I had a nice, short, clean post lined up for tonight. A little A.J., a little Rodriguez, a little Lackey, and a little Knicks/Celtics. I'm still going to talk about those things, but between lining this post up in my head and actually starting it Joe Girardi did some ridiculous pitching managing so now I'm going to talk about that too. At least it relates to my first planned talking point, Burnett.

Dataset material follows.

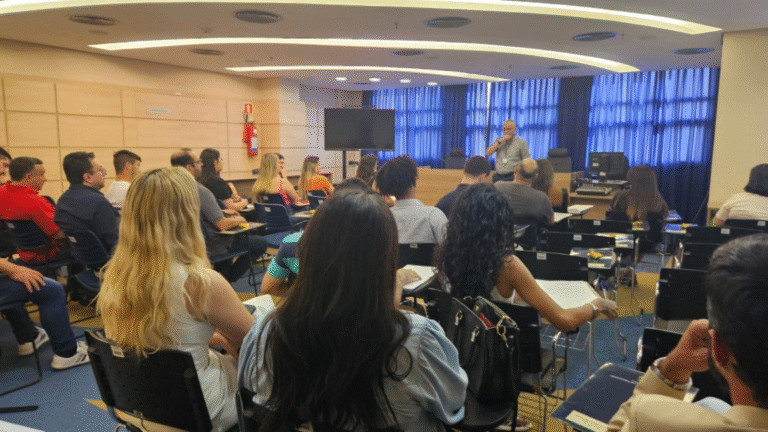 Leia mais sobre o artigo Alunos do curso de Direito visitam Justiça Federal em Rio Grande (17/11/2025)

We all know about A.J. Burnett's solid performance two years ago, we all know how terrible he was last year, and we all know how important to this year's rotation. His first two starts have been encouraging. Tonight he continued to be impressive, even more so than his first two outings. He allowed no runs on only 4 hits and a walk through 6 innings, while striking out 5. At the end of 6, it was 7-0 Yankees, raining, cold, and because Burnett needed 53 pitches to get through the first few innings before settling down, his pitch count was just shy of 100. There was little reason to bring him out for the 7th under these circumstances (it's a different story on a temperate, clear, July day). Bullpen has been off for two days. And as always with Burnett, you want him to end on a high note. But the way he was cruising it's also totally fine if you do bring him out for the 7th, with the caveat that you have to get him out at the first sign of trouble. In other words, after getting the first out of the 7th, don't let him go double, homer, walk, homer so that not only is his outing partially ruined, but most importantly the Orioles are now back in the game. This makes no sense.

Moving on to Burnett himself, he's 3-0 and has been quality each time out, getting progressively better in each start. He was dominant tonight before the 7th inning thing, which I can't totally blame on him (even though he does need to get those outs if asked, so he's partially on the hook). I'm not getting overly excited, because he was 4-0 with a 1.99 ERA after 6 starts last year. But because it went bad after a good start last year doesn't mean it will this year, and you always want to get off to a good start. Further, the difference this year is the changeup. He's not relying on having a great fastball and curveball this year, and if not becoming a one pitch pitcher. He is using a legitimately nasty changeup, perhaps for the first time in his career on a consistent basis. It has good velocity difference from his fastball, late fade, and he gets it down in the zone for a swing and miss but can also throw it for a strike. It's almost ridiculous how nasty the pitch has been given how scarcely he's used it previously. It's really helping to neutralize lefties, and gives him a different look/option from just fastball/curveball if he doesn't want to use one in a certain spot or flat out doesn't have one of those pitches on a given day. Big development, hopefully it continues.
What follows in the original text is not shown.